- [YOUR OBJECTIVE] Reproduce everything from the line that contains "1315 CARRIAGE HOUSE RD, Middletown, PA 17057" down to the line that contains "ASN dan Polwan" in the listing below, word for word and nothing more. Leave the pictures out.

- [SUPPLIED INFORMATION]

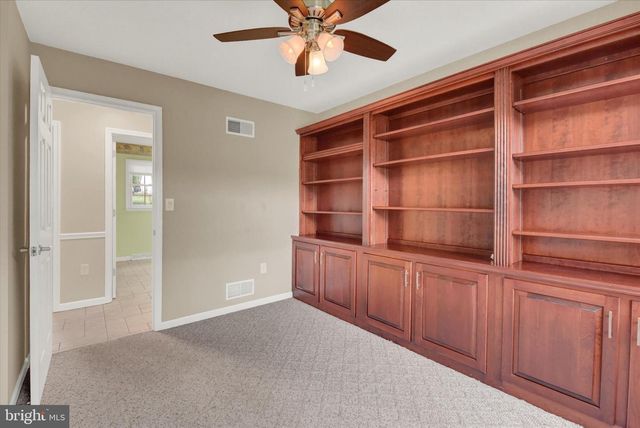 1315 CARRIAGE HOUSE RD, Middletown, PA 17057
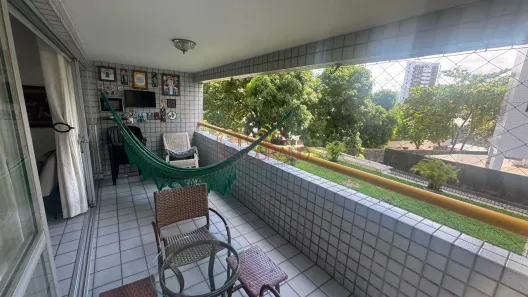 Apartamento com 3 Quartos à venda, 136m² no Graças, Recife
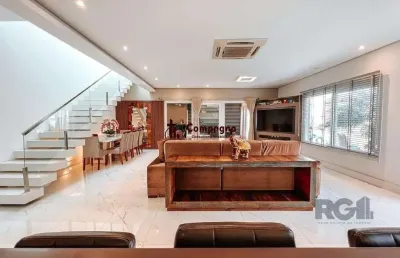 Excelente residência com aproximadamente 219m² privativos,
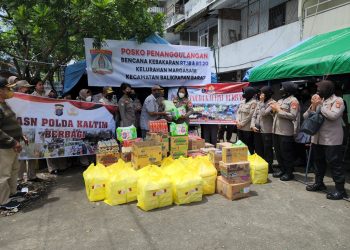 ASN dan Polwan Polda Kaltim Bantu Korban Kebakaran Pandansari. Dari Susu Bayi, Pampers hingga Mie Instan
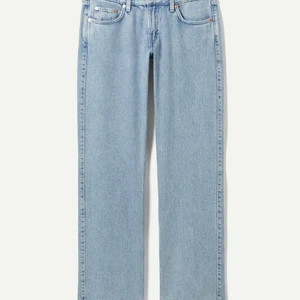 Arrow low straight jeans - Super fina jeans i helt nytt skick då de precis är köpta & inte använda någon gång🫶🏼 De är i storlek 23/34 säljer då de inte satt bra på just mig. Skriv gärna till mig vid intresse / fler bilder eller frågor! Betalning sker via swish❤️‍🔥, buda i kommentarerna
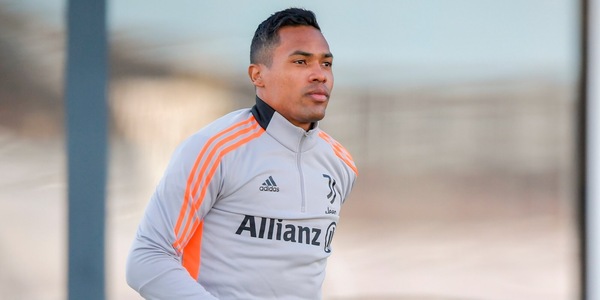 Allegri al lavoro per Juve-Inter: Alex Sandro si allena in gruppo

* * *

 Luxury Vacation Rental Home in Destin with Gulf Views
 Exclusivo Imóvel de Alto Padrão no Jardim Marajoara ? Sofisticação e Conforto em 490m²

- [SOLUTION TO THE EXERCISE]
 1315 CARRIAGE HOUSE RD, Middletown, PA 17057
 Apartamento com 3 Quartos à venda, 136m² no Graças, Recife
 Excelente residência com aproximadamente 219m² privativos,
 ASN dan Polwan Polda Kaltim Bantu Korban Kebakaran Pandansari. Dari Susu Bayi, Pampers hingga Mie Instan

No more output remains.